Everything in the listing below has to be repeated exactly, except the pictures.

- _SUPPLIED INFORMATION_:
= = = =
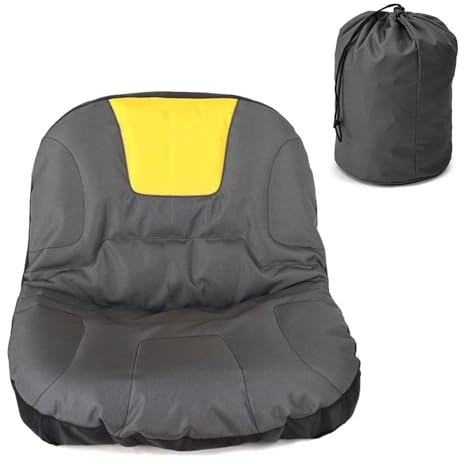 Housse de siège pour tondeuse à gazon autoportée Housse de siège de tracteur universelle Housse de siège de tracteur-tondeuse avec sac de rangement Housse de siège de tracteur de remplacement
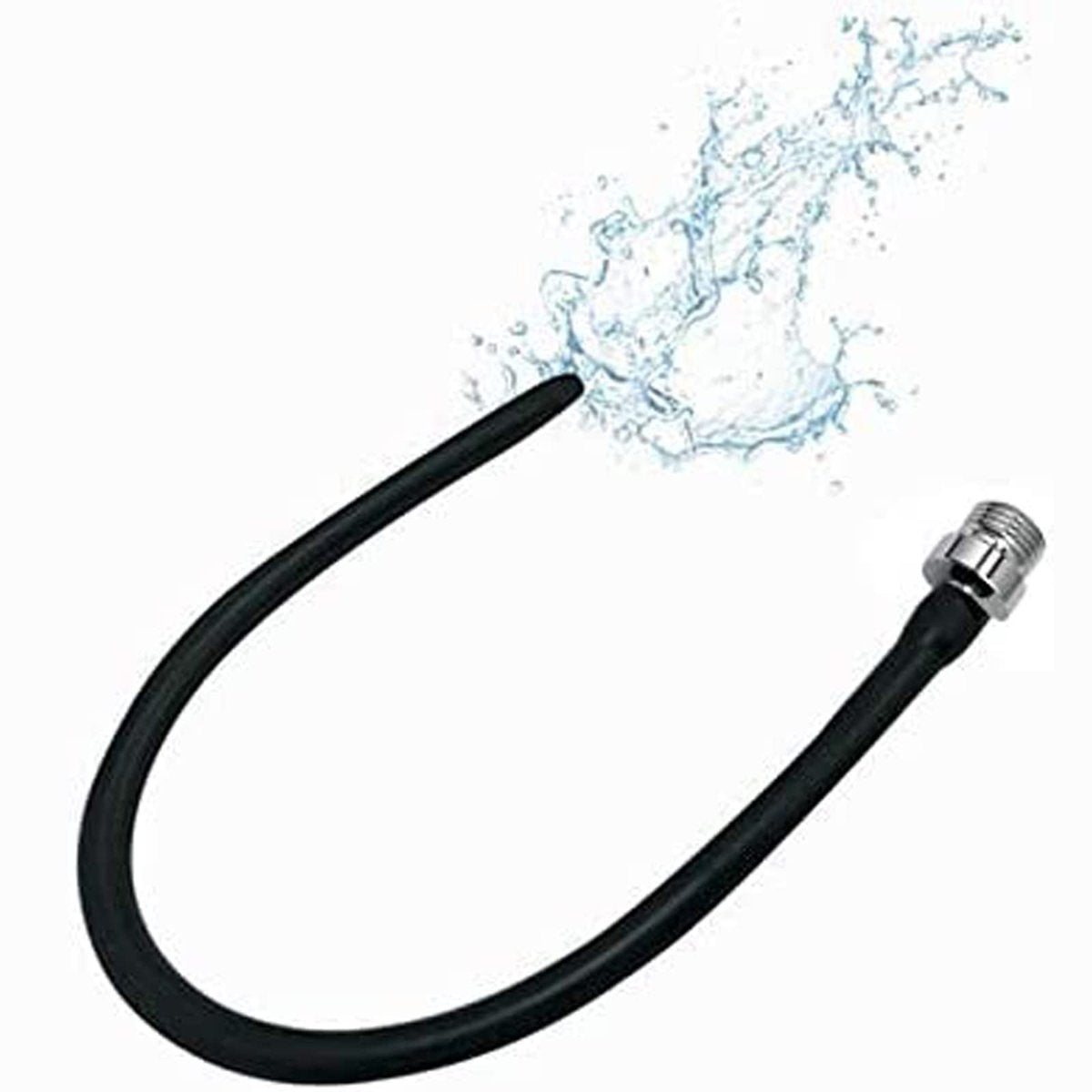 Silicone Nozzle Enema Attachment Reusable Douche Black Hose Nozzle (20 in) - görsel 5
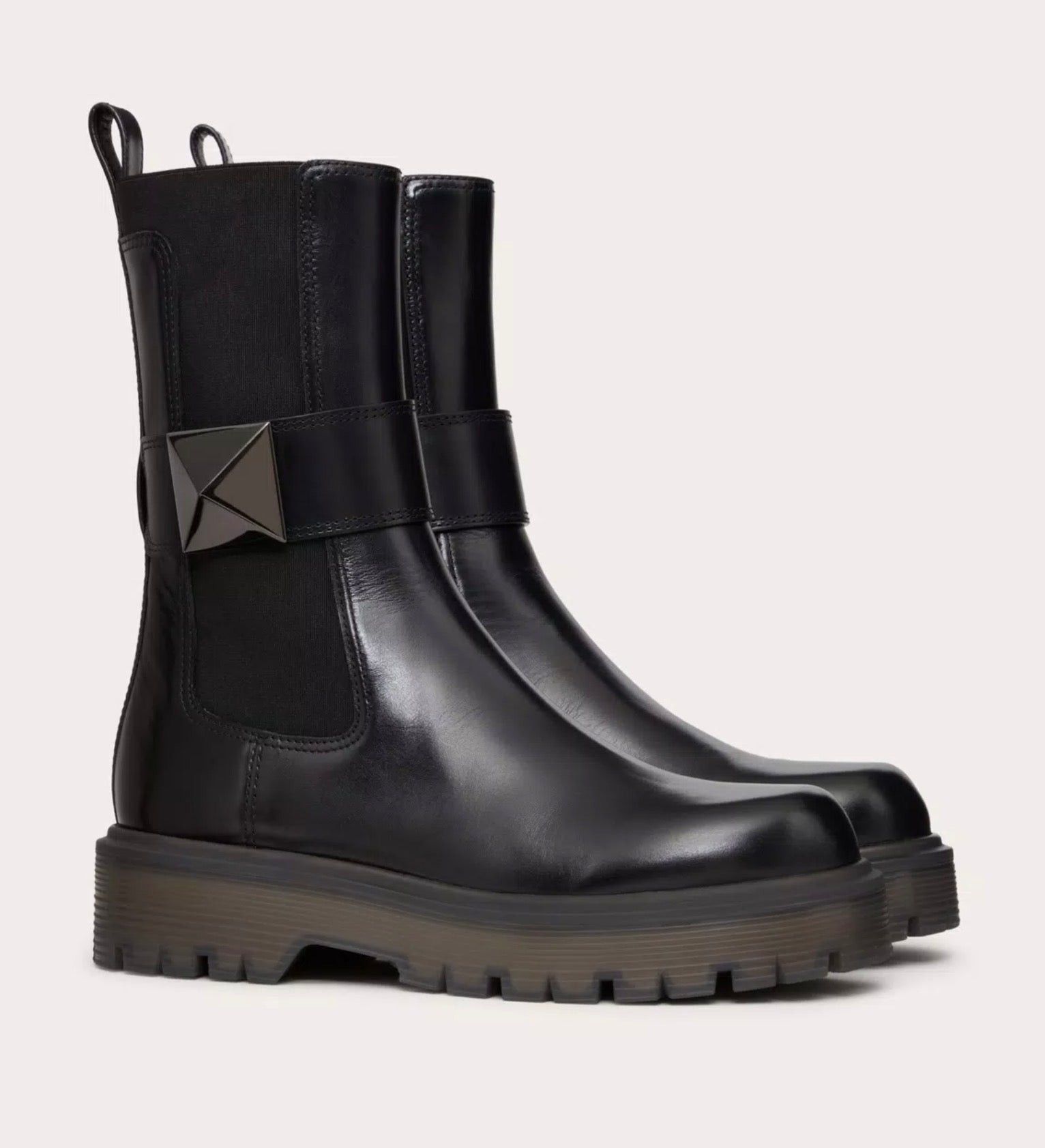 Valentino Valentino One Stud Beatle Boots SIZE 38.5 Size ONE SIZE - 2 Thumbnail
= = = =
- _ANSWER TO THIS EXERCISE_:
 Housse de siège pour tondeuse à gazon autoportée Housse de siège de tracteur universelle Housse de siège de tracteur-tondeuse avec sac de rangement Housse de siège de tracteur de remplacement
 Silicone Nozzle Enema Attachment Reusable Douche Black Hose Nozzle (20 in) - görsel 5
 Valentino Valentino One Stud Beatle Boots SIZE 38.5 Size ONE SIZE - 2 Thumbnail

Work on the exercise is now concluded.